**What the exercise asks**:
Reproduce the whole listing, keeping every character the same.
++++++++++++++++++++
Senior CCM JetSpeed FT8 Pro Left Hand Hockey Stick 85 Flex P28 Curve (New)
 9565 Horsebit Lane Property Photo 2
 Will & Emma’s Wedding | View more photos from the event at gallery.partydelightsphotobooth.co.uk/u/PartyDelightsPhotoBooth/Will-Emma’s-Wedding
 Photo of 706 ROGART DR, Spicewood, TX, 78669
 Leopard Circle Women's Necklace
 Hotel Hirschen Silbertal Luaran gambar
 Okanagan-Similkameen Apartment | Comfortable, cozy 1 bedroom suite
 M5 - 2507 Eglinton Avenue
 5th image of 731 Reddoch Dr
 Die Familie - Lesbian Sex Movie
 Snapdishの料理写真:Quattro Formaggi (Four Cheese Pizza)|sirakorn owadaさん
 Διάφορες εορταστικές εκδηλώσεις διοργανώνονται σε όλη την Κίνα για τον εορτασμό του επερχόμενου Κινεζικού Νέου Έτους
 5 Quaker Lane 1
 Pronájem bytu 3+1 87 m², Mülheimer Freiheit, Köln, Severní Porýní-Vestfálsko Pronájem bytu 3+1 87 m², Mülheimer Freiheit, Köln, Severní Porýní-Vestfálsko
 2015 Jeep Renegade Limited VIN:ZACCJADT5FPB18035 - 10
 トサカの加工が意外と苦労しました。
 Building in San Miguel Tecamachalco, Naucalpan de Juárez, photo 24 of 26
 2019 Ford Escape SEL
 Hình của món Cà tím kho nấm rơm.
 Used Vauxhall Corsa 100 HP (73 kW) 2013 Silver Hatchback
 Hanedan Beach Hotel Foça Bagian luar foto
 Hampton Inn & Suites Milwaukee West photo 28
++++++++++++++++++++
**Output**:
Senior CCM JetSpeed FT8 Pro Left Hand Hockey Stick 85 Flex P28 Curve (New)
 9565 Horsebit Lane Property Photo 2
 Will & Emma’s Wedding | View more photos from the event at gallery.partydelightsphotobooth.co.uk/u/PartyDelightsPhotoBooth/Will-Emma’s-Wedding
 Photo of 706 ROGART DR, Spicewood, TX, 78669
 Leopard Circle Women's Necklace
 Hotel Hirschen Silbertal Luaran gambar
 Okanagan-Similkameen Apartment | Comfortable, cozy 1 bedroom suite
 M5 - 2507 Eglinton Avenue
 5th image of 731 Reddoch Dr
 Die Familie - Lesbian Sex Movie
 Snapdishの料理写真:Quattro Formaggi (Four Cheese Pizza)|sirakorn owadaさん
 Διάφορες εορταστικές εκδηλώσεις διοργανώνονται σε όλη την Κίνα για τον εορτασμό του επερχόμενου Κινεζικού Νέου Έτους
 5 Quaker Lane 1
 Pronájem bytu 3+1 87 m², Mülheimer Freiheit, Köln, Severní Porýní-Vestfálsko Pronájem bytu 3+1 87 m², Mülheimer Freiheit, Köln, Severní Porýní-Vestfálsko
 2015 Jeep Renegade Limited VIN:ZACCJADT5FPB18035 - 10
 トサカの加工が意外と苦労しました。
 Building in San Miguel Tecamachalco, Naucalpan de Juárez, photo 24 of 26
 2019 Ford Escape SEL
 Hình của món Cà tím kho nấm rơm.
 Used Vauxhall Corsa 100 HP (73 kW) 2013 Silver Hatchback
 Hanedan Beach Hotel Foça Bagian luar foto
 Hampton Inn & Suites Milwaukee West photo 28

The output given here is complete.